I try to solve following question.
Show that $R=\mathbf{Q}[x,x^{-1}]$ is not a PID. Construct a free module over $R$ having a non free submodule.
One may give some examples for free modules but not PIDs which has a non free submodule for different $R$s. For such $R$, i don't know the answer.
Oops. Let me revise my answer.

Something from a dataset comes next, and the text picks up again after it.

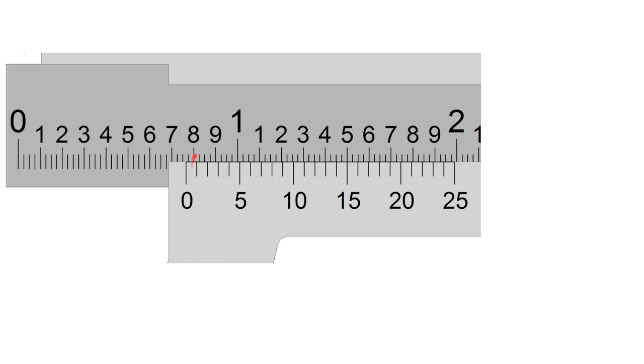On a vernier caliper, you read two scales. First, the main scale: numbers across from 0 to 1 represent tenths of an inch — 0.1, 0.2, ... 0.9, then 1.0. Between the tenths are marks at 0.025, 0.050, and 0.075 — like quarters in a dollar. Look at where the zero on the vernier scale falls on the main scale. In this example, the zero is between 0.7 and 0.8 — between 0.750 and 0.775.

Perhaps I won't make such a silly mistake this time. :)
The polynomial ring $\mathbf{Q}[x]$ is a subring of $R$ (and is a known PID), and all ideals of $R$ are extended from $\mathbf{Q}[x]$. What this means is that an ideal $I$ of $R$ is of the form $JR$ where $J$ is an ideal of $\mathbf{Q}[x]$. In view of this fact, $R$ is a PID since $\mathbf{Q}[x]$ is.
To prove the above claim, let $I$ be an ideal of $R$. If we put $J = I \cap \mathbf{Q}[x]$, then note $J$ is an ideal of $\mathbf{Q}[x]$ and hence $J = (f)$ for some $f\in \mathbf{Q}[x]$. Then it's not difficult to show $I = JR$. But $JR$ is the ideal in $R$ generated by $f$.
In fancier language, $R$ can be viewed as the localization of $\mathbf{Q}[x]$ at powers of $x$ (we are inverting $x$), and the ideal structures of a ring and its localizations are tightly linked.